WORK TO BE COMPLETED ->
Give again exactly the lines that stretch from the one with "YACURI - kawa od Enklawa Kawa" to the end of the data below, including both of those lines and nothing else.

THE DATA ->

== Segment start ==

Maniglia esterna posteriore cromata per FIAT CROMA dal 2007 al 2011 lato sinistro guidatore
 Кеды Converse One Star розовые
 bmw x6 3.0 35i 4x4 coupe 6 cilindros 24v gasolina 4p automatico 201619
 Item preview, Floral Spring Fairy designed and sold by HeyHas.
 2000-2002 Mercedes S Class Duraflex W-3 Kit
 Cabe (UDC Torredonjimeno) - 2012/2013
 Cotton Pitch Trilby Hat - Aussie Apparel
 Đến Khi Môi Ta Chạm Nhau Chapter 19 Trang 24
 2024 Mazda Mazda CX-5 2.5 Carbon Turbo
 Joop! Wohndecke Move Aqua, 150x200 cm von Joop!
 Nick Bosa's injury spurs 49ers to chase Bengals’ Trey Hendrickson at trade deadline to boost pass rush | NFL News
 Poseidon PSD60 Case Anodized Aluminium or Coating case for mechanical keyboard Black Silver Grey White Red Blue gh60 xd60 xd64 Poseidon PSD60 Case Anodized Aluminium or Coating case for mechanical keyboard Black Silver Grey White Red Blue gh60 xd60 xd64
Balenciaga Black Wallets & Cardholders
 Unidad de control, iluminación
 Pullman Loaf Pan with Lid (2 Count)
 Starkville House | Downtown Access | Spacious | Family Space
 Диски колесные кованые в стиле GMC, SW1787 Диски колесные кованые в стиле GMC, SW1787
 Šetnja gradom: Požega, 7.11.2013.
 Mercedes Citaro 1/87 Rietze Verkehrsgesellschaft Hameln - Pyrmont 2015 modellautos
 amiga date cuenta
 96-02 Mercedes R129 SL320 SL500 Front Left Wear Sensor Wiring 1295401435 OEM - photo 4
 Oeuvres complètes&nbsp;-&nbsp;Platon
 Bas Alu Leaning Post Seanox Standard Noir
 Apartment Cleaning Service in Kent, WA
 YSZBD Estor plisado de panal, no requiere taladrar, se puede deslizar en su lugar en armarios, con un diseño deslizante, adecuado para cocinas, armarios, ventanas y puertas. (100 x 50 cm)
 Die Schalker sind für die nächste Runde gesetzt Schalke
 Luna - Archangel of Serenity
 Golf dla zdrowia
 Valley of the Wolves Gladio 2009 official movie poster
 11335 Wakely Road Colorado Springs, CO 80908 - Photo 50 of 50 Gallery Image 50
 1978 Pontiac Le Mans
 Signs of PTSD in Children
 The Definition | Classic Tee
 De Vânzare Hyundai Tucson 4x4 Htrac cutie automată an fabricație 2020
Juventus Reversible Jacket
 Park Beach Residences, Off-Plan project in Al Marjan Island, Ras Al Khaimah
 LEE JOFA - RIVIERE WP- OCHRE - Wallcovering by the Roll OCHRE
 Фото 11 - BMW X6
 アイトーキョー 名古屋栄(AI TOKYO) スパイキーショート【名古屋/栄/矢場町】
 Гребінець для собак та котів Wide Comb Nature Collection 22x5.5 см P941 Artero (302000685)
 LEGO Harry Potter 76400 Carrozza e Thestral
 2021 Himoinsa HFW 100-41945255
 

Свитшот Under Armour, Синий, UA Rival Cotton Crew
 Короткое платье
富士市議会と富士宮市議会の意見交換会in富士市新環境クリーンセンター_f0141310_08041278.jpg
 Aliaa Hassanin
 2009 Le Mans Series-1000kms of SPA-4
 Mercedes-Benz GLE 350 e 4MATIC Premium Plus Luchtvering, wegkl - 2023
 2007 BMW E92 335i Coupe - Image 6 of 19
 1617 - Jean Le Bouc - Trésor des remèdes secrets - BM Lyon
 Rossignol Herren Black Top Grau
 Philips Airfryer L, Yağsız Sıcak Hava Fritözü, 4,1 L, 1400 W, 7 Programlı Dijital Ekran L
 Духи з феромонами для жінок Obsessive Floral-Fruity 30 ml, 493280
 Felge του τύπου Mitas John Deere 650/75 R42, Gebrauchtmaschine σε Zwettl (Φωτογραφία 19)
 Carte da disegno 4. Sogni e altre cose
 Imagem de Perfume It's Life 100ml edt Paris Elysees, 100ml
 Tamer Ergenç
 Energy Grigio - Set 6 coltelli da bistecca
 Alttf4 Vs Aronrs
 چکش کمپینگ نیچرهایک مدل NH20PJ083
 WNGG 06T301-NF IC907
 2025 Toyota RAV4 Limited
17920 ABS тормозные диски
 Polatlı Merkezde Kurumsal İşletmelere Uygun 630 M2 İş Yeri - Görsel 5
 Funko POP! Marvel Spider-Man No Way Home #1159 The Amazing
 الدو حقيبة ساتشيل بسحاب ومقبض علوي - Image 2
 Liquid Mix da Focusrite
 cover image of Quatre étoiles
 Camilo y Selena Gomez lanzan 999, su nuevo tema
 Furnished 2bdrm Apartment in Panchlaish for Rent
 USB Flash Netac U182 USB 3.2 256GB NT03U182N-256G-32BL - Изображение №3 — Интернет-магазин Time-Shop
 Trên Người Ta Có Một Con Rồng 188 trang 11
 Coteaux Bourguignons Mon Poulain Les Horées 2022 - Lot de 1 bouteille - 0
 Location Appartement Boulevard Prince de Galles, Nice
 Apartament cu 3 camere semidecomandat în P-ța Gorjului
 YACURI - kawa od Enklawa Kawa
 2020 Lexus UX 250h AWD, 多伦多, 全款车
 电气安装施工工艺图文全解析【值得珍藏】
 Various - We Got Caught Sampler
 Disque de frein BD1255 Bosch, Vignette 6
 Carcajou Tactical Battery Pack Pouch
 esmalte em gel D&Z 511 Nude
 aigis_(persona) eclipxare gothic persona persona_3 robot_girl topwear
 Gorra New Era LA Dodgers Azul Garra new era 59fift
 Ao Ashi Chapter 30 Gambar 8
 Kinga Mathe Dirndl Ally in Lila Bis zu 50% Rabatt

== Segment end ==

ANSWER TO THE PROBLEM ->
 YACURI - kawa od Enklawa Kawa
 2020 Lexus UX 250h AWD, 多伦多, 全款车
 电气安装施工工艺图文全解析【值得珍藏】
 Various - We Got Caught Sampler
 Disque de frein BD1255 Bosch, Vignette 6
 Carcajou Tactical Battery Pack Pouch
 esmalte em gel D&Z 511 Nude
 aigis_(persona) eclipxare gothic persona persona_3 robot_girl topwear
 Gorra New Era LA Dodgers Azul Garra new era 59fift
 Ao Ashi Chapter 30 Gambar 8
 Kinga Mathe Dirndl Ally in Lila Bis zu 50% Rabatt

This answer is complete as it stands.